March 26, 2008

  • From Yesterday

    I’ve done very little today at work.  You’d think that productivity would be up the Monday following a three-day weekend.  Certainly I would.  But my immediate boss is out today, so I’m not worried that he might pop into my cubicle at any moment to check in.  Don’t get me wrong I’ve done a few things, but my mind is elsewhere today.

     

    I used my holiday on Friday to continue with my wedding dress shopping saga and went to the big box store of bridal salons: David’s Bridal.  I had heard stories that ran the gamut before going.  One of my friends even bought her dress there.  I was cautiously optimistic, hoping to at least have the opportunity to try a few things on that actually fit, whether or not I ended up liking them.  But there were certainly a few styles (available in plus sizes) that interested me.

     

    Placed on the waiting list (I was a walk-in), I took the time to browse the catalog and cruise the racks to look at the dresses in the flesh.  I figured there was perhaps one style that wasn’t available in a size remotely in my world.  Boy was I wrong.  In fact, it was just the opposite.  My bridal “consultant” was only able to bring herself to bring me ONE of the styles I was eyeballing.  ONE.  Two hours, one dress later, and probably needless to say, I felt quite dejected.  My second outing with a bad result; I’m still waiting to get a call from the consultant at my first bridal salon visit…three weeks ago tomorrow.  Thank goodness I’m not holding my breath.

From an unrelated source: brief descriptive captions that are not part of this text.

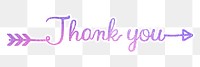 Thank you png word, glittery purple calligraphy digital sticker in transparent background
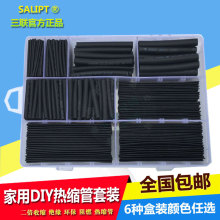 三联热缩管盒装 电线黑色套管 热缩管组合套管阻燃绝缘家用家装 包邮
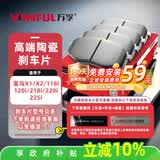 万孚60051刹车片后片刹车皮适用宝马X1/X2/118i/120i/218i/220i/225i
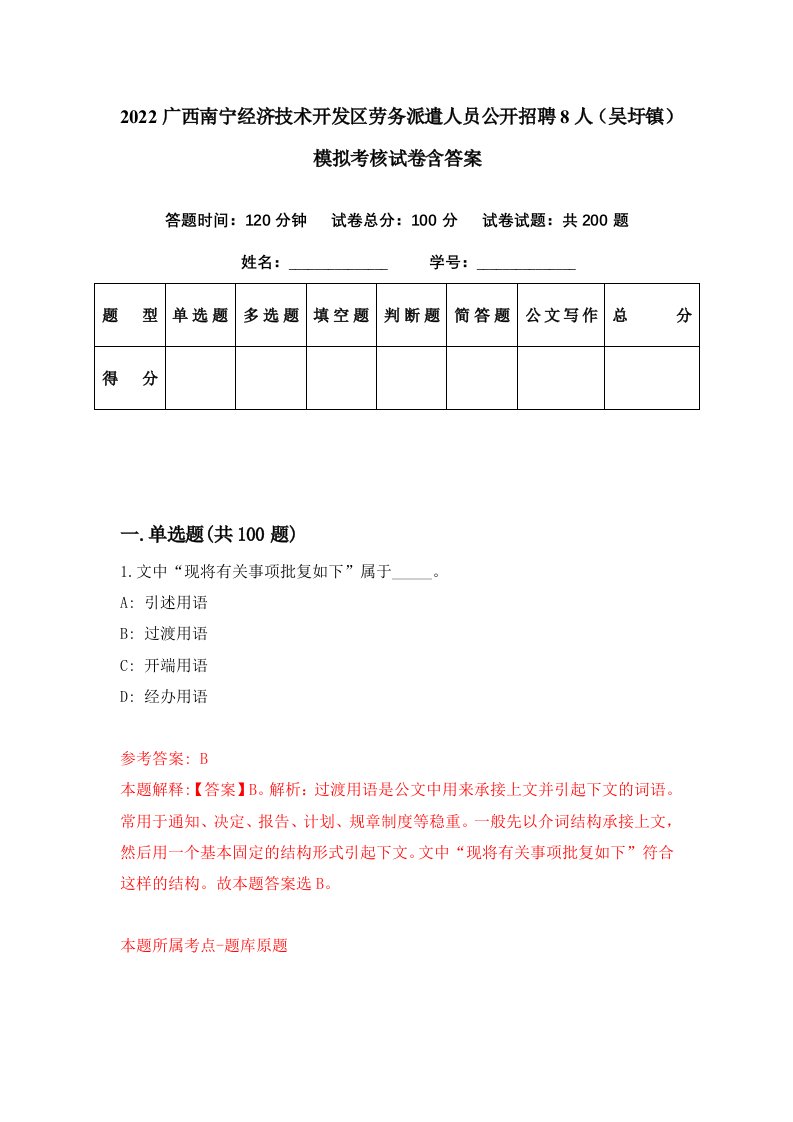 2022广西南宁经济技术开发区劳务派遣人员公开招聘8人吴圩镇模拟考核试卷含答案4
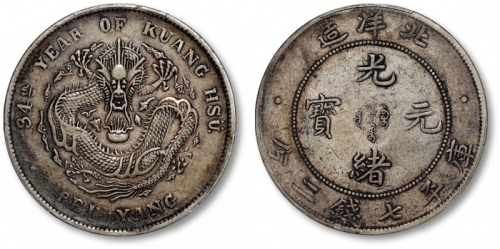  北洋造光绪34年七钱二分普通 PCGS XF 40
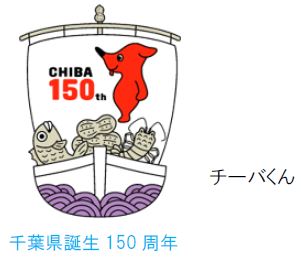 Image of the logo for the 150th anniversary of the birth of Chiba Prefecture
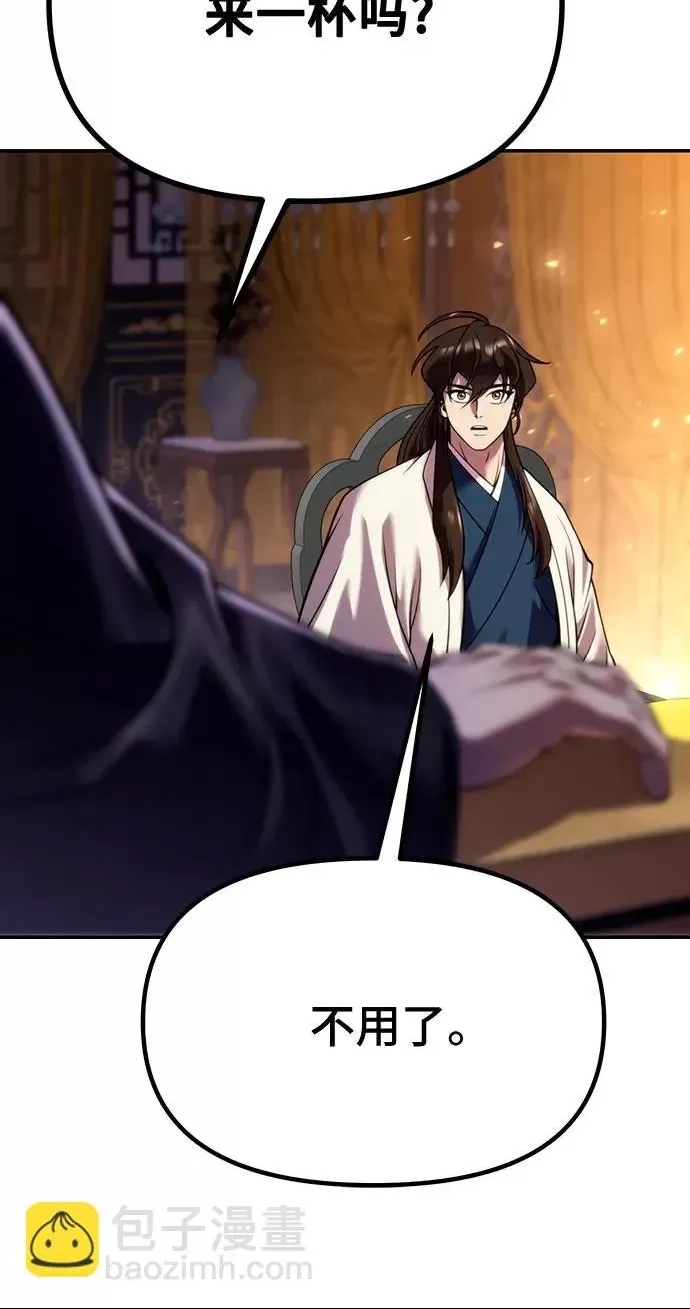 第 86 页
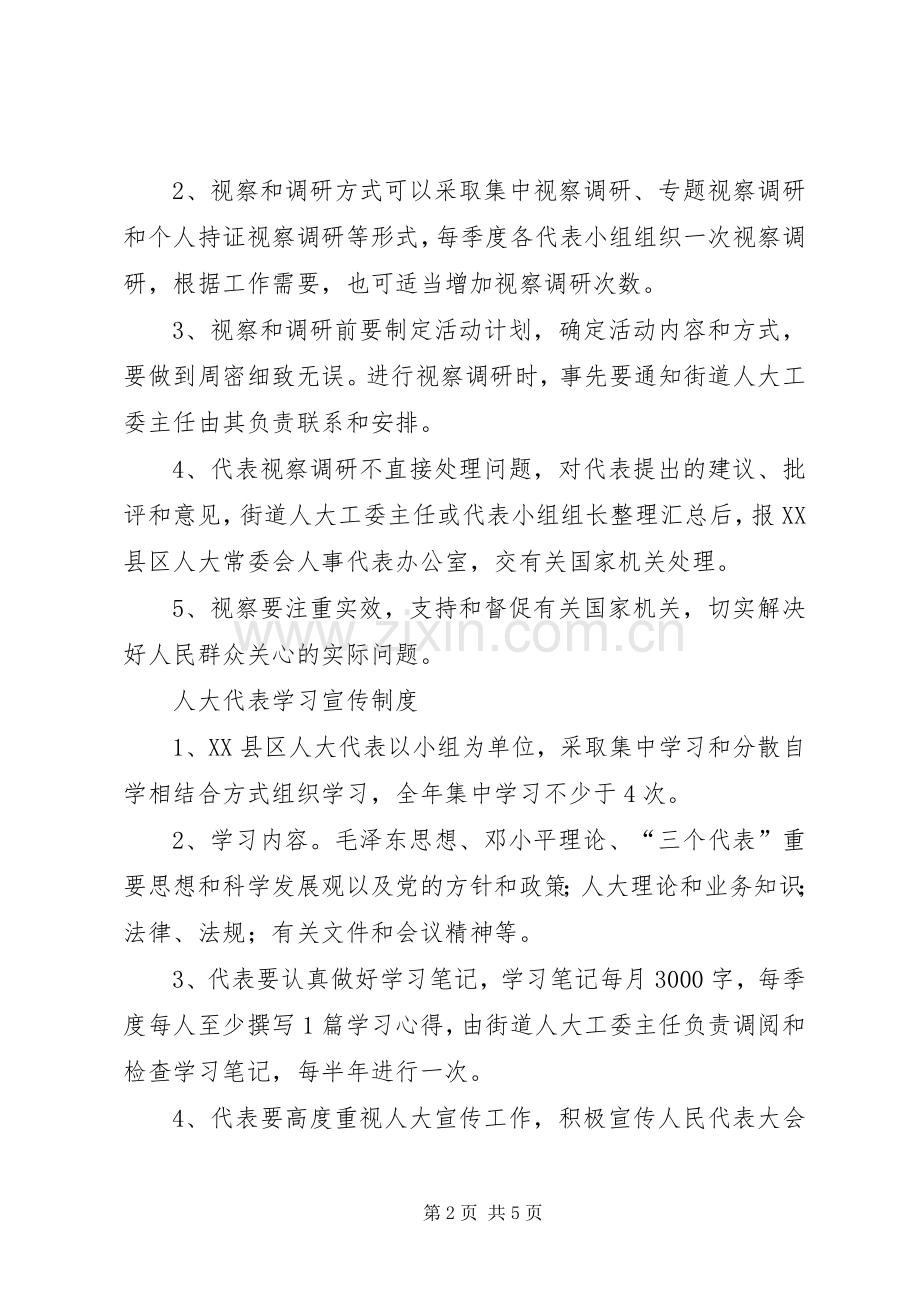 人大代表活动规章制度.docx_第2页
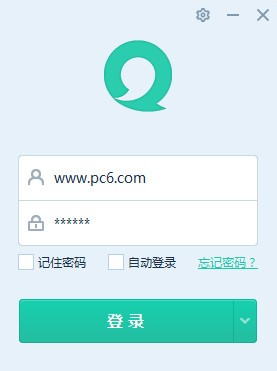 易信电脑版官方下载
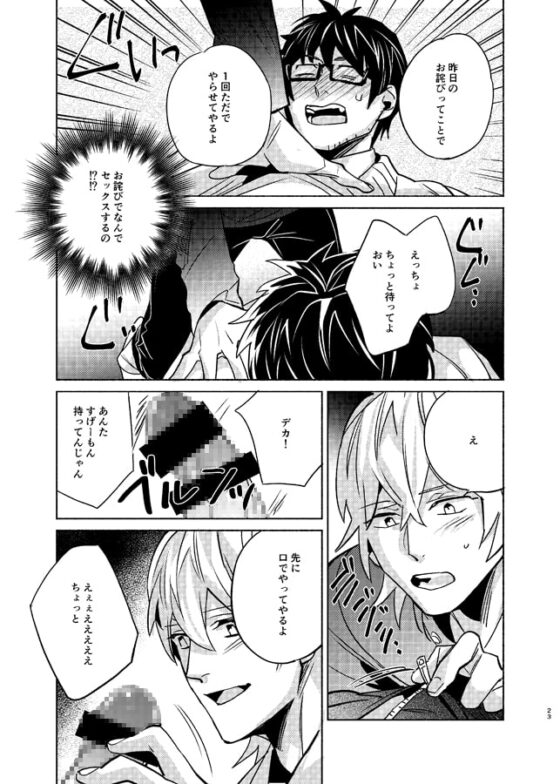 二丁目日和～1Rアパートの住人～1話 [Milky drops] | DLsite がるまに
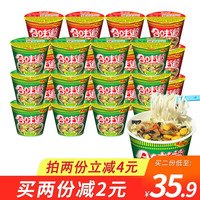 日清食品 NISSIN日清 合味道 方便面整箱 迷你杯 充饥夜宵 开杯乐 泡面桶面 方便速食 12碗3味4碗牛肉味+海鲜味+猪骨 五香牛肉味12杯+猪骨味12杯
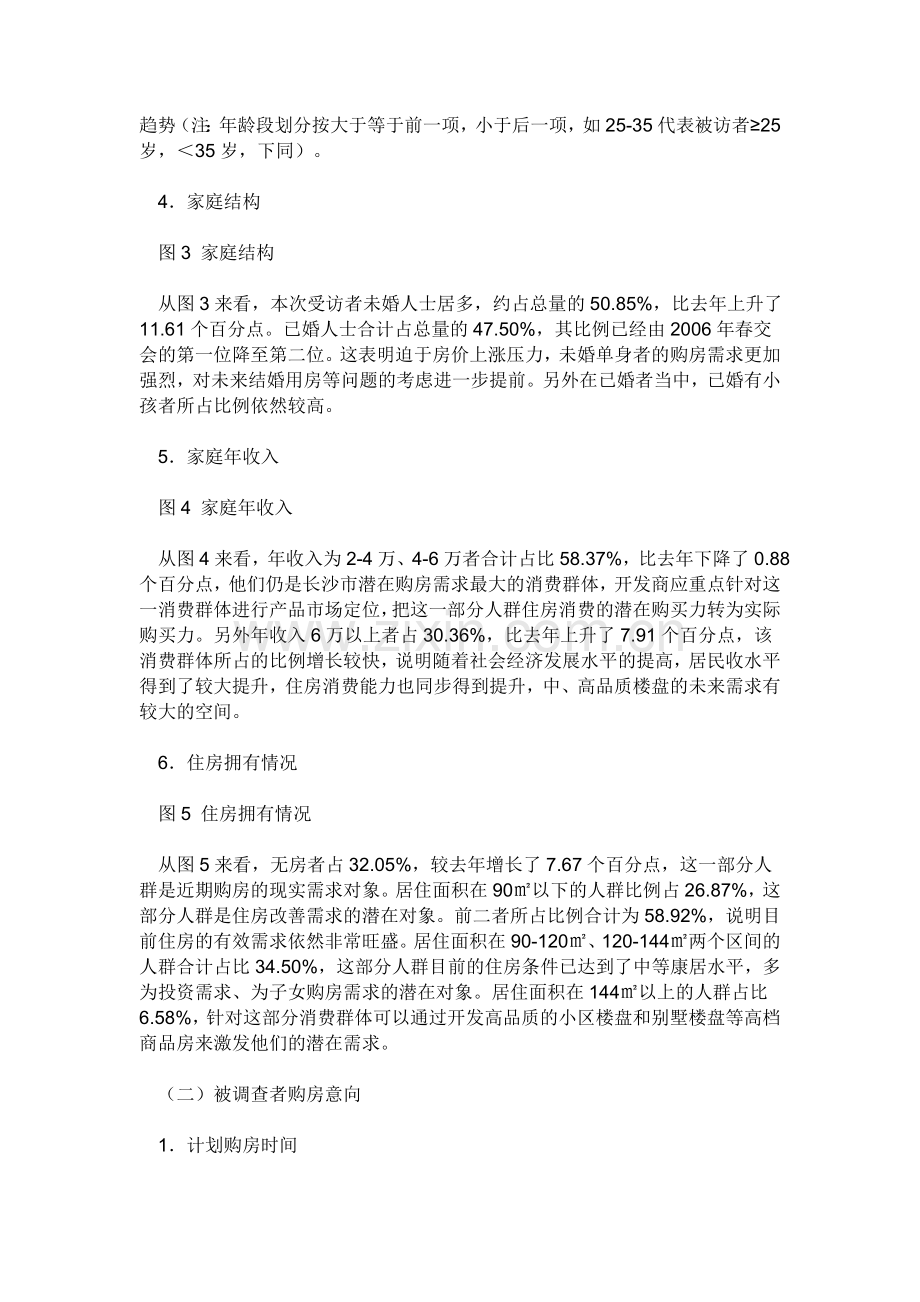 2007年长沙楼市房地产市场需求问卷调查分析报告.doc_第2页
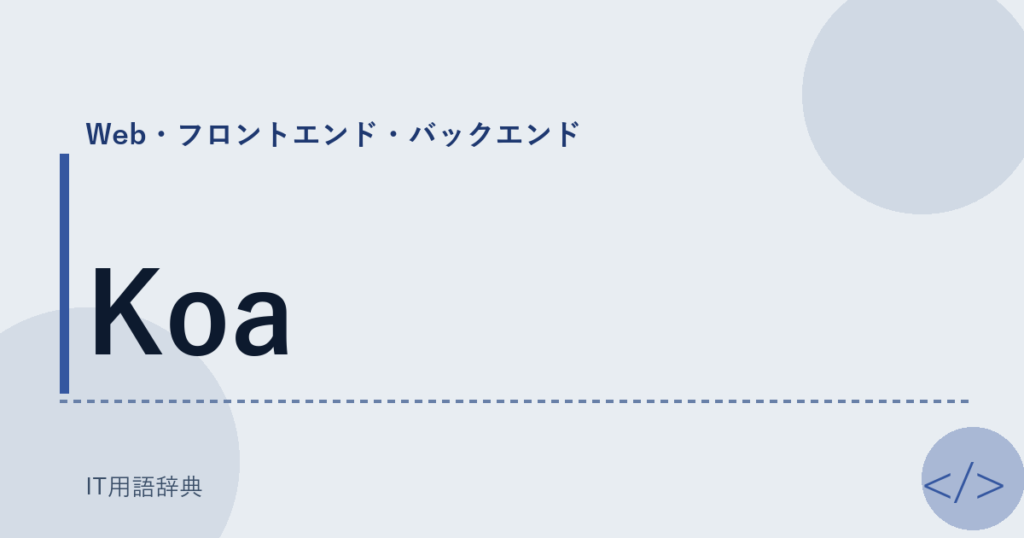 Koa アイキャッチ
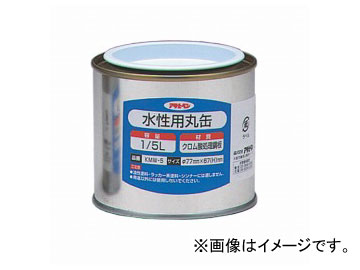 ҥڥ Ѵݴ 1/5L KMW-5 JAN4970925222817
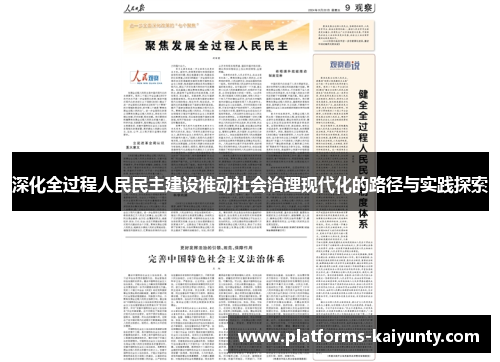 深化全过程人民民主建设推动社会治理现代化的路径与实践探索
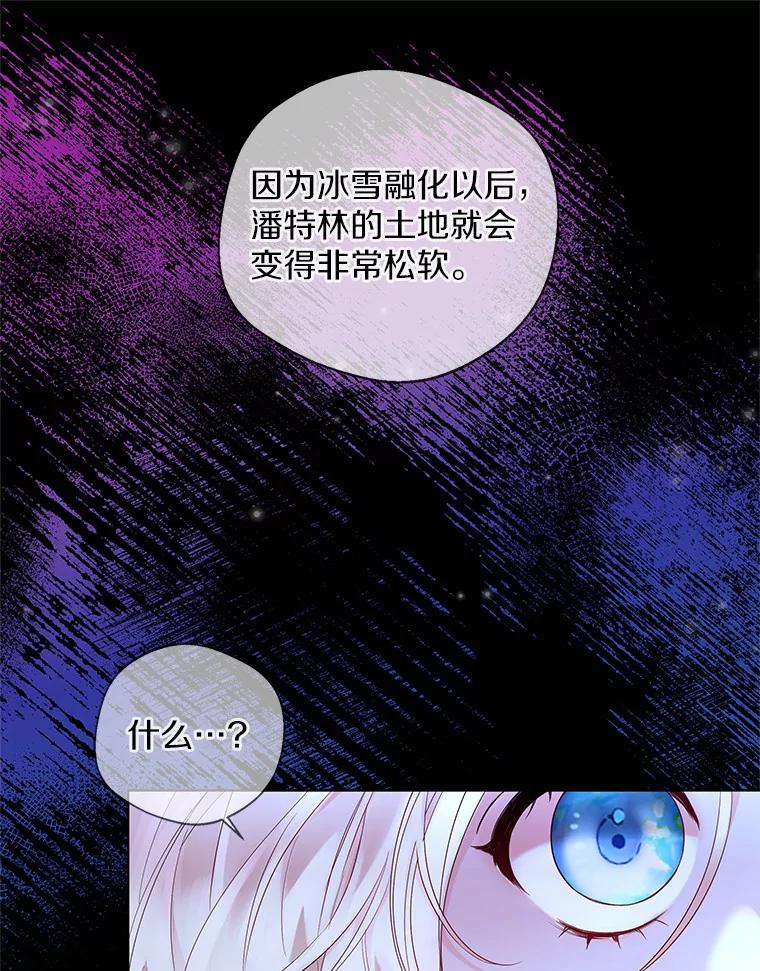 《一不小心娶了女装大佬》13.出门玩雪 第20页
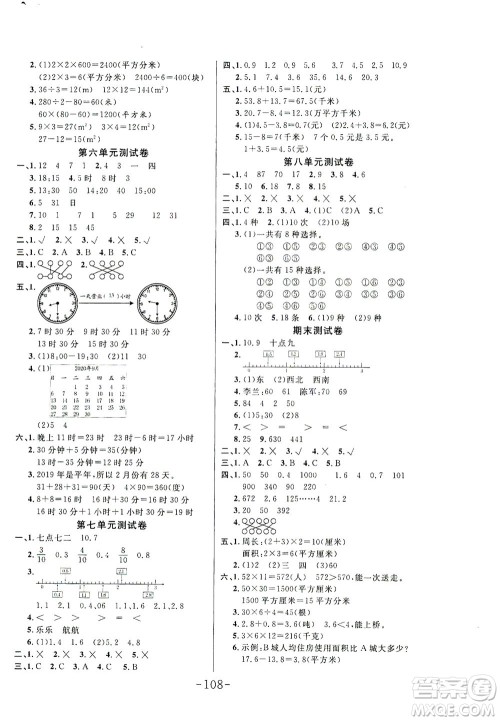 延边大学出版社2021小状元随堂作业数学三年级下册人教版答案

    So to keep my mind off of being a naked bride, I’m trying to focus on my continued efforts to be a buff naked bride.  Much like my thoughts of quitting caffeinated coffee, at times I think I may eat too much sugar.  Saturday I noticed that Trader Joes was carrying Agave Nectar (or was it Syrup?), so this morning I looked into sweetener alternatives.  I’ve tasted Stevia and it’s nasty.  I don’t like the usual suspects (pink, blue and yellow packets) because they taste just as they are: artificial.  Plus I’ve read that they can throw your metabolism out of whack anyway. I ultimately decided that it’s just too much work to find adequate substitutes.  I’ll stick to the real thing for now.

     

    Plus, Fella and I watched “I Can Make You Thin” on TLC Saturday afternoon after a friend had told me she watched it earlier in the week.  I’m trying to incorporate Paul McKenna’s 4 golden rules into my WW plan (although I haven’t been exactly following the plan to a T lately).  Very commonsensical tips.

     

    A few days ago I decided to follow a link, I think from and RSS feed, to use Dr. Weil’s Vitamin Advisor.  I don’t take any vitamins at present.  I saw him on a segment of Martha Stewart a year ago and he mentioned that a lot of the vitamins on the market lack the right concentrations and blends.  So I was curious what this advisor would say. 

     

    Well of course it just recommends the good doctor’s own supplements and here’s how to order personalized packs of all you need for just [the cost of a cup of coffee a day].   But I found out that these are available at Whole Foods Market and there just happens to be one of those on my way home from the gym.  By the looks of it, the recommendation is 11 different vitamins and supplements per day for me.  Plus my allergy pill that’s a lucky number 13 pills daily (at least for several months that allergies run).

     

    I’ve also been thinking about alternative ways of treating health issues.  I can have periodic skin problems, which was particularly bad about a week ago.  So I of course Googled all about how to naturally balance hormones which, as it turns out, can be helped with a good many of the supplements recommended by the good Dr. Weil.  

     

    Then yesterday I read an article in Better Homes & Gardens on natural allergy remedies.  And I’m curious about it, but I don’t know if I’m quite curious enough to make the switch to au naturel. 

     

    With all this business about vitamins and natural remedies running through my mind, I fear that I’m one step away from saying: “Hmm…Patchouli…that smells nice!”  Ugh, I think I threw up in my mouth a little just now.

     

    So come to think of it, my mind is a whole lot of elsewheres today.
     
    *****edit*****
    I stopped at the Whole Foods on my way home.  Sensory overload.  Plus, they don’t carry the whole line of products I was seeking.  I just don’t get that.  My friend and I had just been talking about that same thing at the gym with regards to wedding dresses and bridal boutiques.  Even if the manufacturer indicates they carry their whole line of dresses, it doesn’t mean that they do.  Crap.  Plain & simple.

March 18, 2008

  • Miscellany

    After today, my work week is half over!  I love me some short weeks and long weekends.  Even though the reason we get Friday off is a pretty big deal for all of Christianity.  At mass last weekend, I almost felt compelled to add The Passion to our Netflix queue.  If I recall correctly, Fella has not seen it.  And even my, for all intents and purposes, agnostic father saw it in the theater with his two Catholic girls. (That’d be Mama Zest and yours zestfully).

     

    But I have yet to take any steps to update our queue.  At this point, I highly doubt that I will.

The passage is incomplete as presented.